Exercise — With pictures left out, output exactly the lines of the listing below from the line that has "Sanopharm Sanopharm Betaglucaan" to the line that has "Prismatic Evolutions Mini Tin Box 8-Pack", both lines kept.
Segment Start: Records for this exercise
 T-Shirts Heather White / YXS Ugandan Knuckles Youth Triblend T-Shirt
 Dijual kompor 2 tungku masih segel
Segment End: Records for this exercise
Segment Start: Records for this exercise
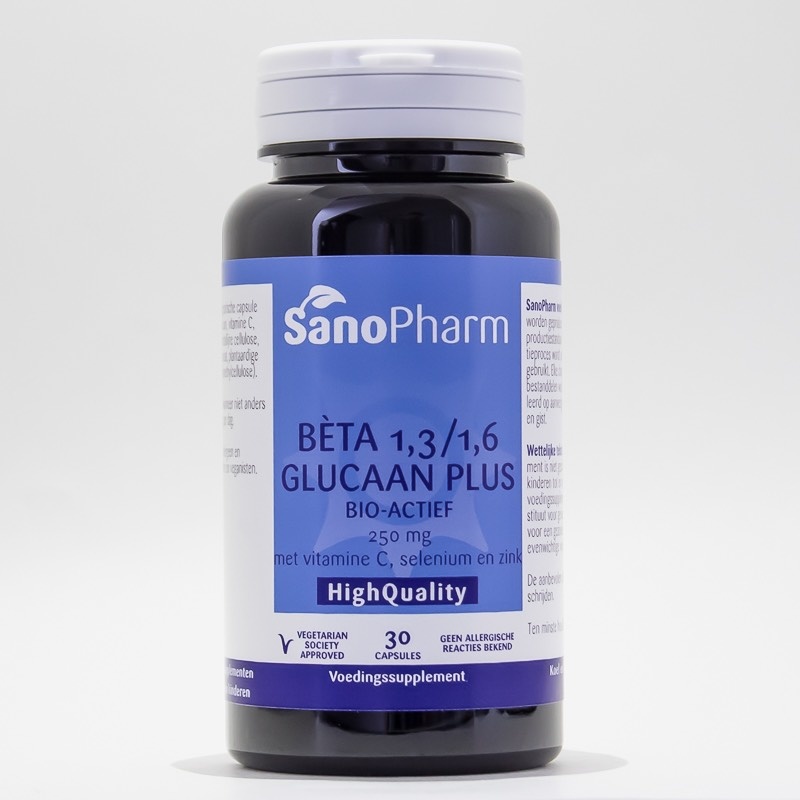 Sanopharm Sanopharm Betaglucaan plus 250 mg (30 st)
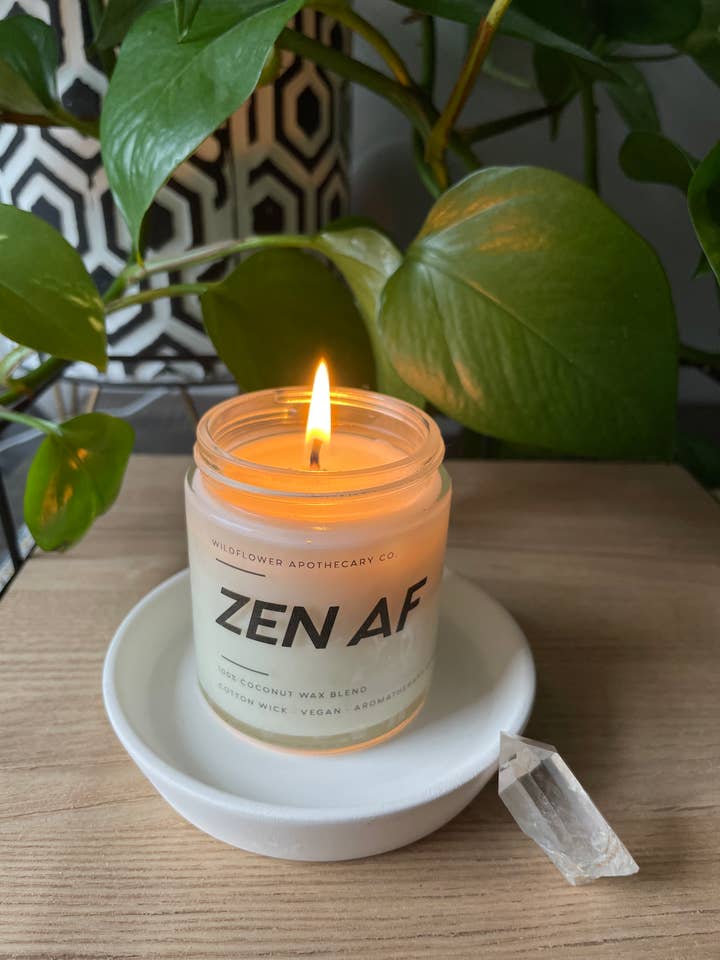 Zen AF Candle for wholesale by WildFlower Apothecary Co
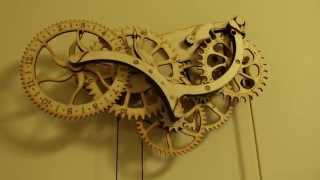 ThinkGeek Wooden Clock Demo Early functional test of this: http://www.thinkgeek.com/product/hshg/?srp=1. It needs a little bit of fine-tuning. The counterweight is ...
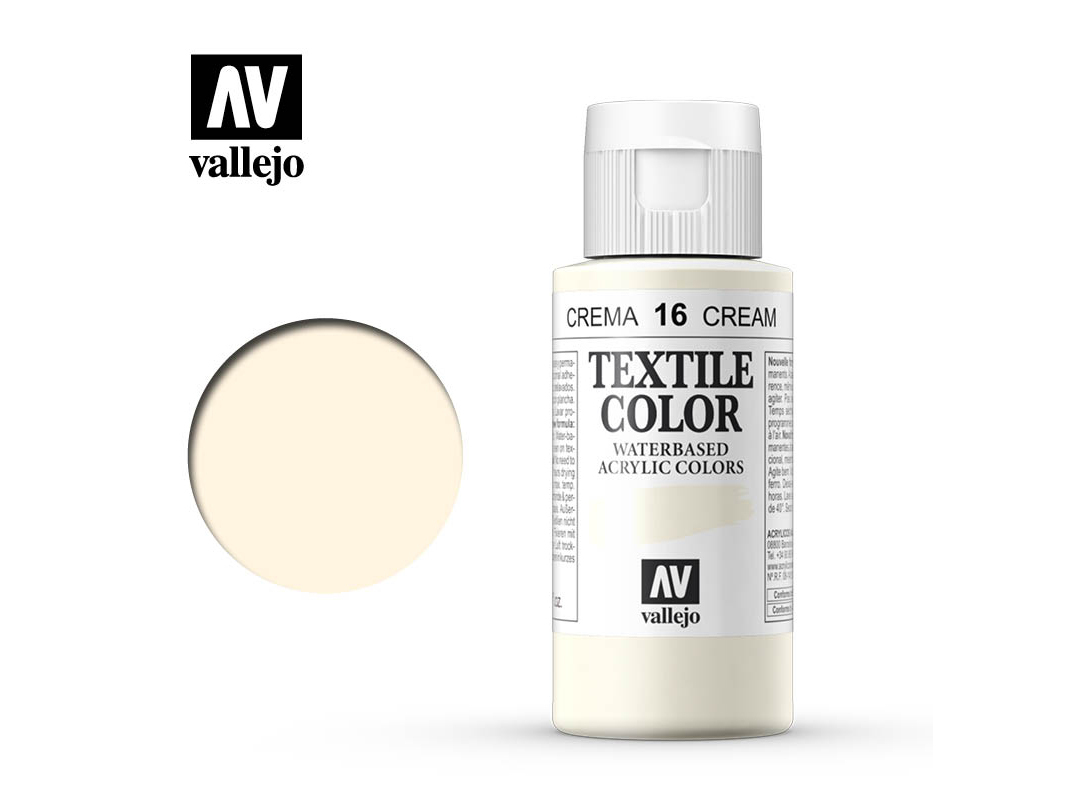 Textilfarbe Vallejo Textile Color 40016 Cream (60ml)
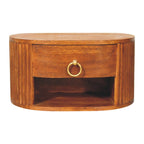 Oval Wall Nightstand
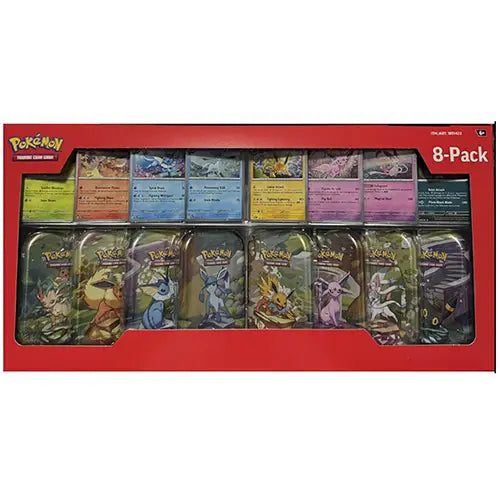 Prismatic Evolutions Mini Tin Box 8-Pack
Segment End: Records for this exercise
Solution to this problem —
 Sanopharm Sanopharm Betaglucaan plus 250 mg (30 st)
 Zen AF Candle for wholesale by WildFlower Apothecary Co
 ThinkGeek Wooden Clock Demo Early functional test of this: http://www.thinkgeek.com/product/hshg/?srp=1. It needs a little bit of fine-tuning. The counterweight is ...
 Textilfarbe Vallejo Textile Color 40016 Cream (60ml)
 Oval Wall Nightstand
 Prismatic Evolutions Mini Tin Box 8-Pack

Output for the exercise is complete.